The Fulbright-Hays program provides grants to colleges and universities to fund individual doctoral students who wish to conduct research abroad for periods of six to 12 months. Designed to foster U.S. competence and expertise in foreign languages and area or international studies, the program was slated to disburse nearly $6 million for student research.

A total of 19 U-M doctoral students from departments and schools throughout U-M’s campus applied for the prestigious fellowship. The U-M International Institute (II), which handles the administration of the program on campus, immediately contacted applicants regarding their funding levels. Nine students had acquired sufficient funds through other prominent grants, including the Department of State U.S. Student Fulbright fellowship, which was not affected by Education Department cutbacks.

“The loss of funding through the Fulbright-Hays program was a significant blow to students who often combine grant funding to cover their research expenses,” said International Institute Director Ken Kollman. “From the beginning, the II was committed to finding ways to support the remaining doctoral students who would face significant educational and career setbacks without this key funding to support their research.”

As II leadership reviewed the budget to see how they might allocate funding for the remaining students, they received word from the nonprofit Institute of International Education that the Mellon Foundation had agreed to provide one-time emergency awards for the 80 top-scoring Fulbright-Hays DDRA applicants nationwide, including three from U-M. This was approximately half of the number typically funded through Fulbright-Hays.

“It was amazing how quickly the International Institute worked to help all Fulbright-Hays applicants meet a certain level of research funding in the face of cuts from the Department of Education,” said Nora Hauk, a doctoral student in the Department of Anthropology and Mellon award recipient. “If I had not received funding from the Mellon Foundation, I may have had to push my research start date back much further.
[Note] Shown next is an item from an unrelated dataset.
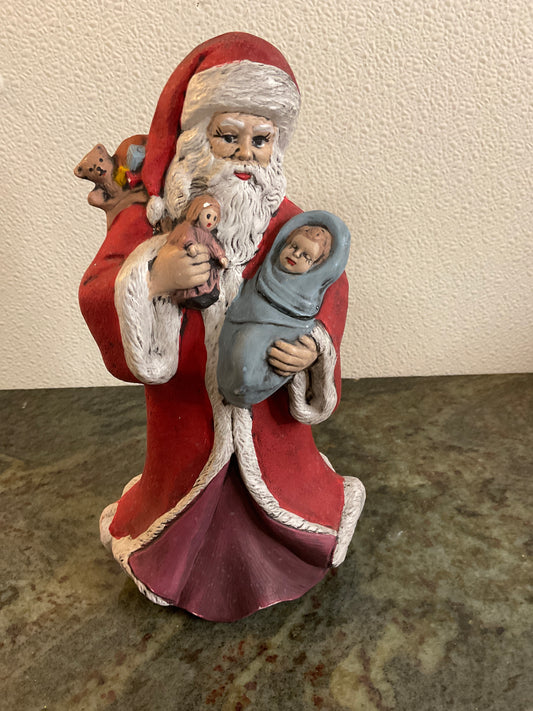 Vintage Ceramic Santa holding Baby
I am certain that this support will help me to do the best possible field research.”

The II supplied support to seven students in amounts ranging from $3,000 to $15,000 who would not otherwise have had sufficient funding to complete their research abroad.

“Although we are pleased that we were able to provide financial support for these students to continue their doctoral research, this is not sustainable in the long-term,” said Kollman. “This loss of funding is a very serious problem. Without it, even more burden falls on the students to find alternate funding sources.”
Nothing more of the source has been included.